Preferably, the amount of cotton fiber in the yarn is greater than the amount of polyester fiber. For example, the yarn may comprise 65-70% regenerated cotton fibers, with the balance comprising recycled polyester fibers. Yarn formed from regenerated cotton fibers and recycled PET fibers are coarser than yarn formed from regenerated cotton fibers and hemp fibers. This is due to the fact that it is more difficult to spin PET strands into uniformly thin fibers. Moreover, the yarn including PET fibers typically contains some contamination of color. Thus, the yarn or fabric woven from the yarn when dyed does not always maintain a uniform color.
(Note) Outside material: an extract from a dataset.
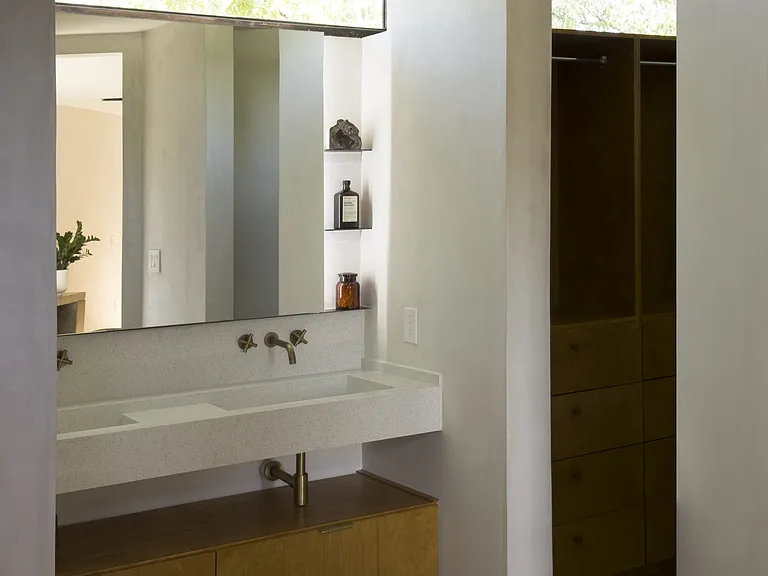 Double sink bath adored with white quartz and steel. Walk-in closet comes with a laundry chute.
Nevertheless, this characteristic is desirable when manufacturing towels, blankets, and other home textiles from such yarn.

While the preferred forms and embodiments of the invention have been illustrated and described, it will be apparent to those of ordinary skill in the art that various changes and modifications may be made without deviating from the inventive concepts set forth above.

Claims

1. A method for making eco-friendly yarn, comprising the steps of (a) garnetting waste cotton fabric to produce cotton shoddy fibers therefrom;(b) blending the cotton shoddy fibers with polyester fibers; and(c) spinning the blended cotton fibers and polyester fibers to form a yarn.

2. A method as defined in claim 1, wherein said waste cotton fabric comprises cuttings and trimmings of previously bleached, dyed and treated cotton fabric used to manufacture clothing, household linens and other articles of manufacture.

3. A method as defined in claim 2, wherein said polyester fibers are recycled polyethylene terephthalate fibers.

4. A method as defined in claim 3, wherein the amount of regenerated cotton is more than the amount of polyester in the yarn.

5. A method as defined in claim 4, wherein the yarn comprises 65-70% regenerated cotton fibers.

6. A method as defined in claim 3, and further comprising the step of cleaning said blended cotton and recycled polyester fibers prior to said spinning step.

7. A method as defined in claim 3, wherein said fibers are carded to align said fibers into strands prior to said spinning step.

8. A method as defined in claim 7, and further comprising the step of forming said fibers into smaller strands.

9. A method as defined in claim 8, wherein said forming step comprises drawing said carded fibers into slivers and subsequently roving said slivers into smaller strands.

10. A yarn for making fabric, comprising (a) regenerated cotton fibers from waste cotton fabric that has previously been bleached, dyed and treated; and(b) polyester fibers spun with said regenerated cotton fibers.

11. A yarn as defined in claim 10, wherein the amount of cotton is more than the amount of polyester on the yarn.

12. A yarn as defined in claim 11, wherein the yarn comprises 65-70% regenerated cotton fibers.

13. A yarn as defined in claim 10, where in said polyester fibers are recycled polyethylene terephthalate fibers.